[Date Prev][Date Next][Thread Prev][Thread Next][Date Index][Thread Index]

[Xen-changelog] [xen-unstable] VT-d: per-iommu domain-id



# HG changeset patch
# User Keir Fraser <keir.fraser@xxxxxxxxxx>
# Date 1260258690 0
# Node ID 66ff18dd385841b534efd24fe3a3e33abdbd98ad
# Parent  ab0d71f7f596048194c4389bd4fc8a25221ac380
VT-d: per-iommu domain-id

Currently, xen uses shared iommu domain-id across all the VT-d units
in the platform. The number of iommu domain-ids (NR_DID, e.g. 256)
supported by each VT-d unit is reported in Capability register.
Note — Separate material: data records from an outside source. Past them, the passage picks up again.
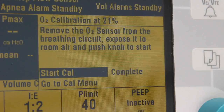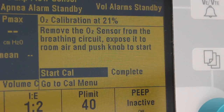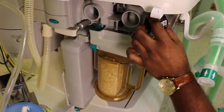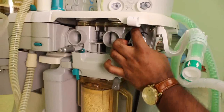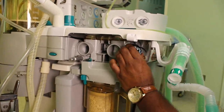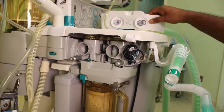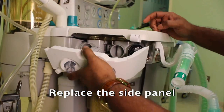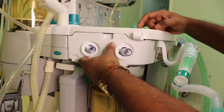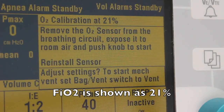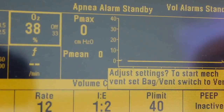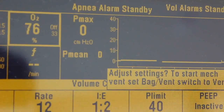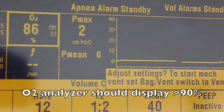Once completed, reinstall the sensor by rotating clockwise. Now replace the panel carefully. The oxygen analyzer is calibrated at 21%. Now increase the FiO2 by using the oxygen flush and see if the oxygen sensor reads above 90%.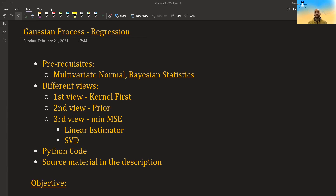In this video, I will go over Gaussian process regression. There are some prerequisites, which are multivariate normal distribution and the Bayesian framework. If you don't have these, you might not completely understand some of the steps in the derivation and you'll have to take them for granted. In this video, I will show four different ways of arriving at the final equations and then go over some Python code that implements them. I will also post links to the source material in the video description. If you like the video, please like and subscribe and also consider supporting me on Steady.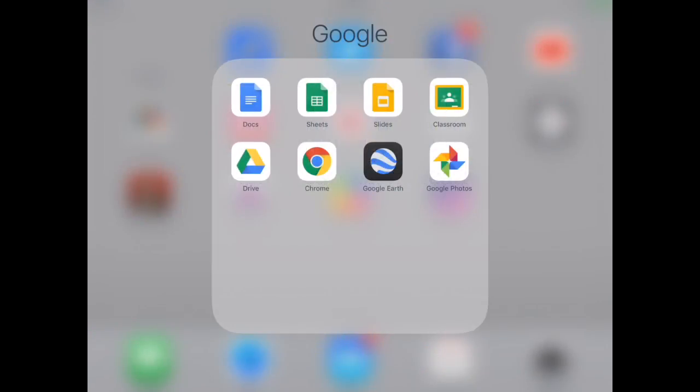We are now going to look at creating a document offline in Google Docs. You want to make sure while the student is online that they sign in to Drive, Docs, Sheets, Slides, and Classroom just to make sure their accounts are in there.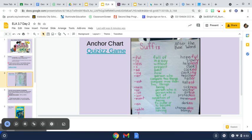'-less' means 'without,' so someone that's helpless is without help. If I were you, I'd go through all of these and look at the meanings and see how to use them with the base words.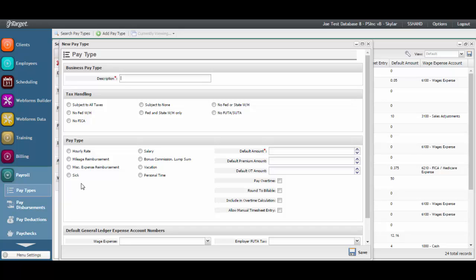The benefit to that is that after each payroll run, you can get an overview of the wages paid per service. Pay type descriptions should also be indicative of any special tax handling, so that users know how to apply the pay types correctly to staff based on the way individuals need to be taxed.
The
limitation of current implementation is it only can support at most
NR_DID domains with VT-d in the entire platform, even though the
platform can support N * NR_DID (where N is the number of VT-d
units). Imagine a platform with several SR_IOV NICs, and each NIC
supports 128 VFs. It possibly beyond the NR_DID.
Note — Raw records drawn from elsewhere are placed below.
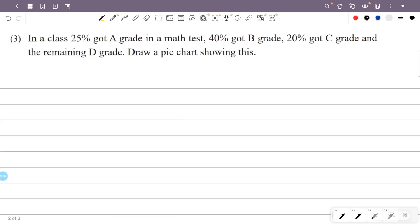In this class, 25% got A grade, 40% got B grade, 20% got C grade, and the remaining percentage got D grade. Draw a pie chart showing this. So: 25% got A grade, 40% got B grade, 20% got C grade, and the remaining is D grade.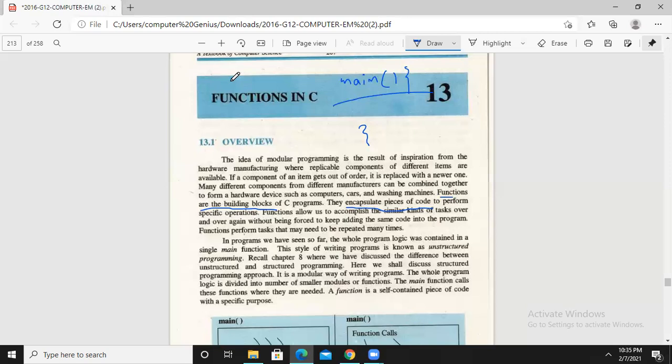If you have to compile and translate that repeated code, it will take more time. Instead, mention the repeated code once, and compile it once. We can encapsulate this same code in C programming. We can perform this functionality accordingly, fulfill the requirements, and follow the functions — allowing us to accomplish the same kind of task over and over again.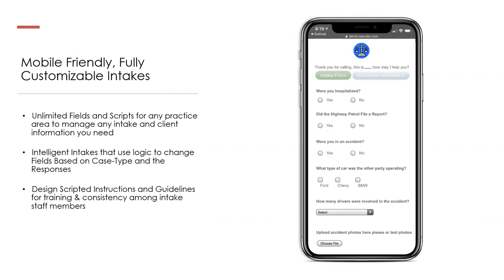If you have any questions about how to set up that intake form to utilize conditional logic to the best of its potential, please contact support at lawruler.com or your account manager. We're happy to walk through your current process and show you where you can implement conditional logic to help streamline your intake, because it is really phenomenal how you can use such an adaptive intake form to improve your process.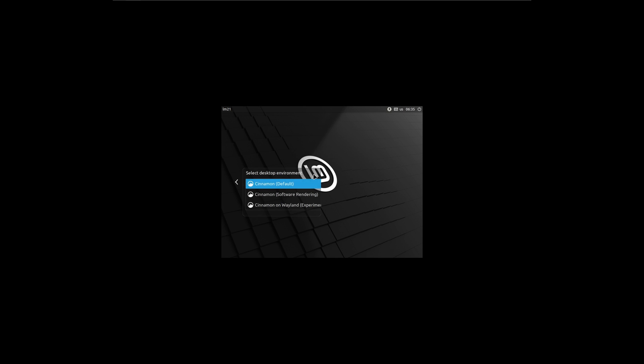We've made it past the install. As you can see, I've clicked on the Cinnamon logo here and I'm able to select Wayland, so we'll just log in.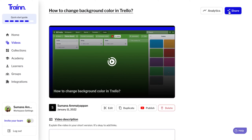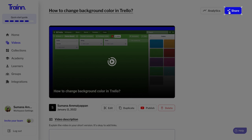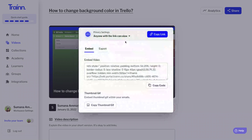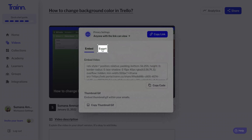Go to the corresponding video which you want to export and click on the share button in the top navigation. In the modal opened, click on the export tab.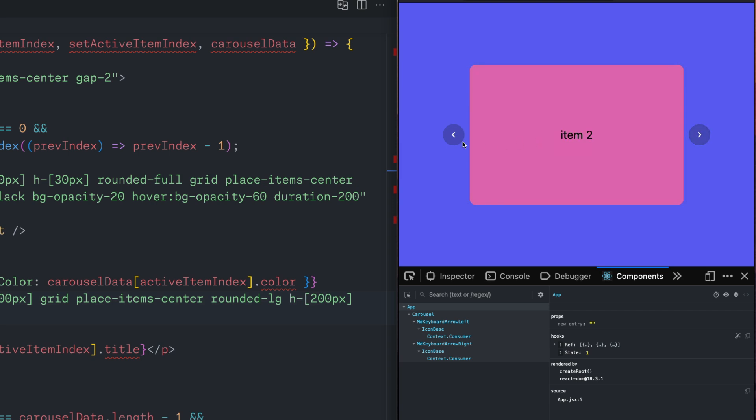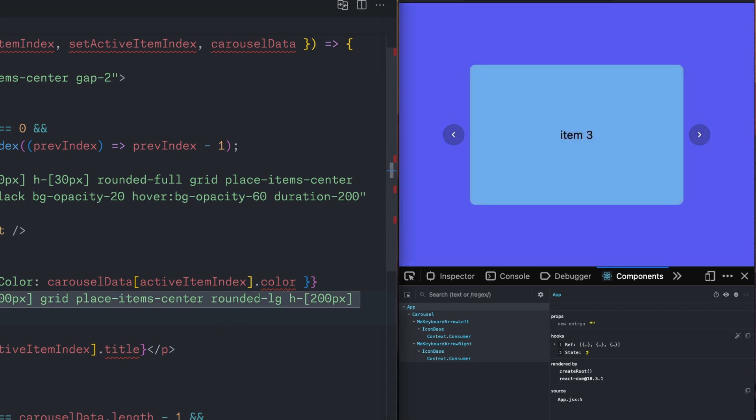And there we go. We have a pretty basic, simple carousel written in React. And it wasn't too hard.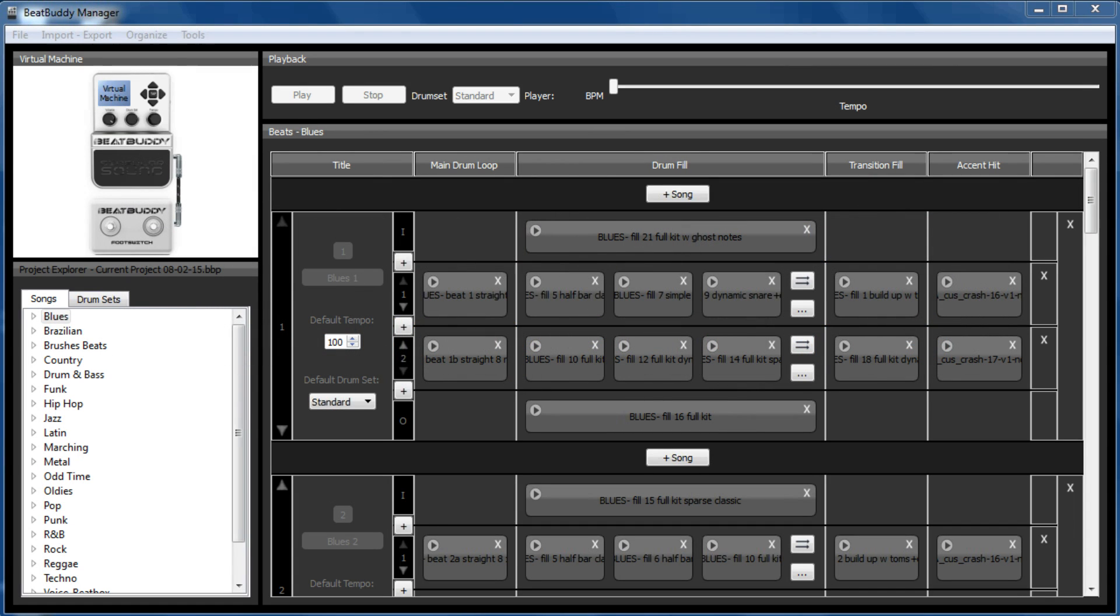Hi BeatBuddies, Jonathan here, Psalm 40 from the Forum. I'm just going to show you how you can edit a song within the BeatBuddy and move parts around.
This patch implements iommu domain-id management per iommu (VT-d
unit), hence solves above limitation. It removes the global domain-id
bitmap, instead use domain-id bitmap in struct iommu, and also involve
an array to map guest domain-id and iommu domain-id, which is used to
iommu domain-id when flush context cache or IOTLB. When a device is
assigned to a guest, choose an available iommu domain-id from the
device's iommu, and map guest domain id to the domain-id mapping
array. When a device is deassigned from a guest, clear the domain-id
bit in domain-id bitmap and clear the corresponding entry in domain-id
map array if there is no other devices under the same iommu owned by
the guest.

Signed-off-by: Weidong Han <weidong.han@xxxxxxxxx>
---
 xen/drivers/passthrough/vtd/iommu.c |  213 +++++++++++++++++++++++-------------
 xen/include/xen/hvm/iommu.h         |    1 
 xen/include/xen/iommu.h             |    2 
 3 files changed, 143 insertions(+), 73 deletions(-)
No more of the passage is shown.